UH Mānoa researchers participated in a study showing giant sea spiders solve one of life’s biggest challenges—getting oxygen into the body and taking it where it needs to go—in a way that is new to science. 

A dinner-plate-sized Antarctic sea spider. Photo by C. Shishido

UH Mānoa’s Amy Moran and her colleagues found giant sea spiders get oxygen through the surface of their legs. The sea spiders move oxygen around their bodies while digesting their food with involuntary contractions of the gut, which extends to the ends of the animal’s legs!

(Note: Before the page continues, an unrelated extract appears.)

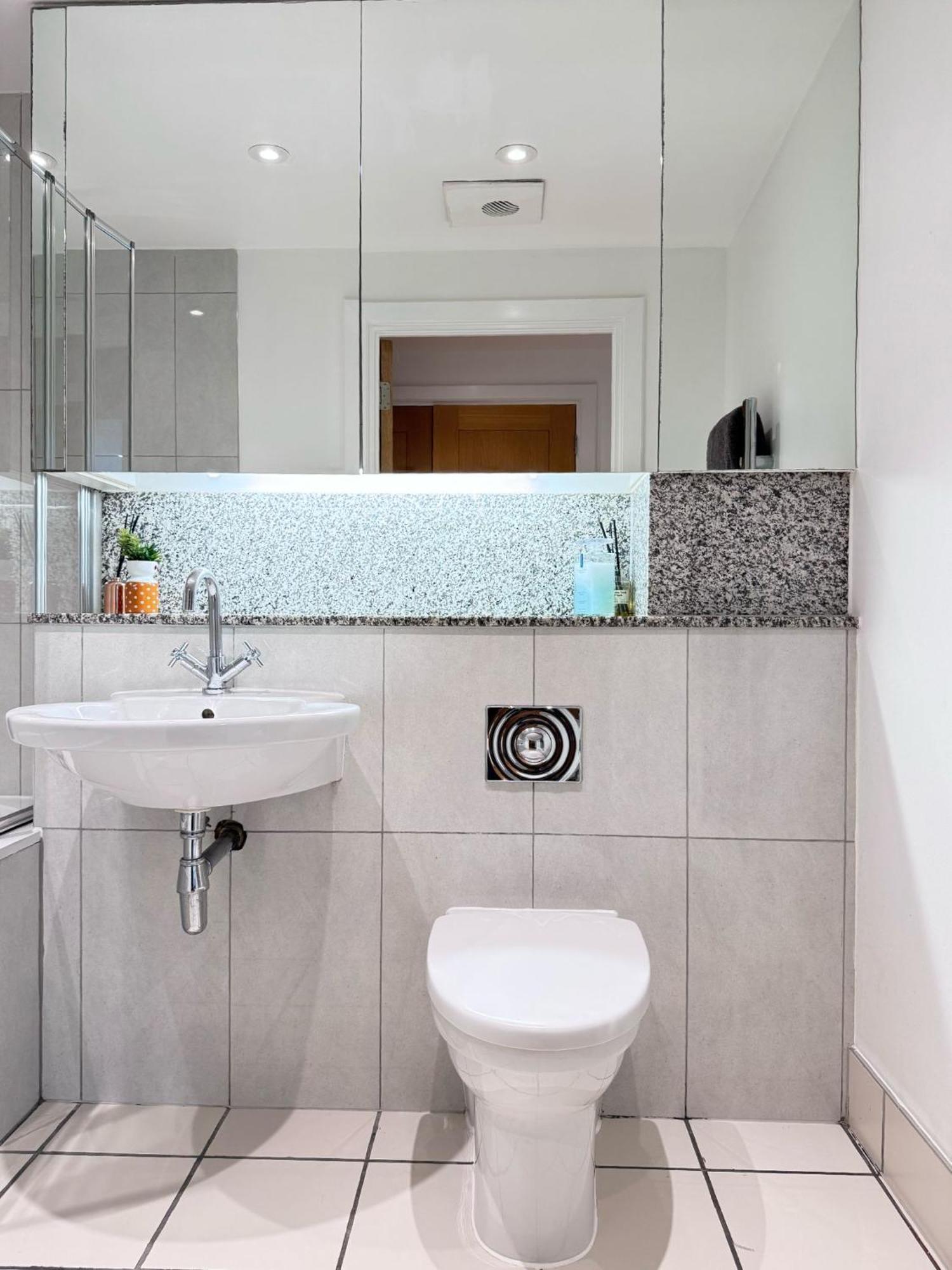 River View Eye Vauxhall 2 Bedroom *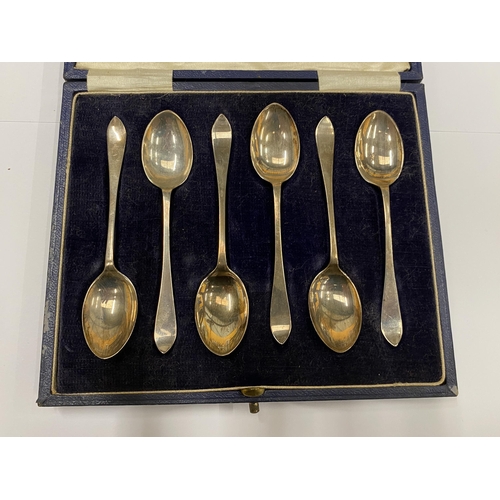 2 - A CASED SET OF SIX HALLMARKED SILVER TEASPOONS, TOTAL WEIGHT 52G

UH Manoa PhD student Caitlin Shishido photographs sea spiders at McMurdo Station. Photo by B. Tobalske

Moran, UH Mānoa associate professor of biology, and Caitlin Shishido, UH Mānoa PhD student, are two of the six authors. The study was published in the July 10, 2017 issue of Current Biology. The research was performed at McMurdo Station, Antarctica.

UH Manoa researcher Amy Moran dives with sea spiders in Antarctica. Photo by R. Robbins

 

What else they learned? Sea spiders are a bizarre and ancient group of marine arthropods. Sea spiders in Antarctica can reach the size of dinner plates, part of a phenomenon known as “polar gigantism.”

Most animals extract oxygen from the environment using specialized structures like gills and lungs, and distribute oxygen via their hearts and blood vessels. Sea spiders, distant marine relatives of land spiders, have no specialized structures to take up oxygen, and their hearts are weak.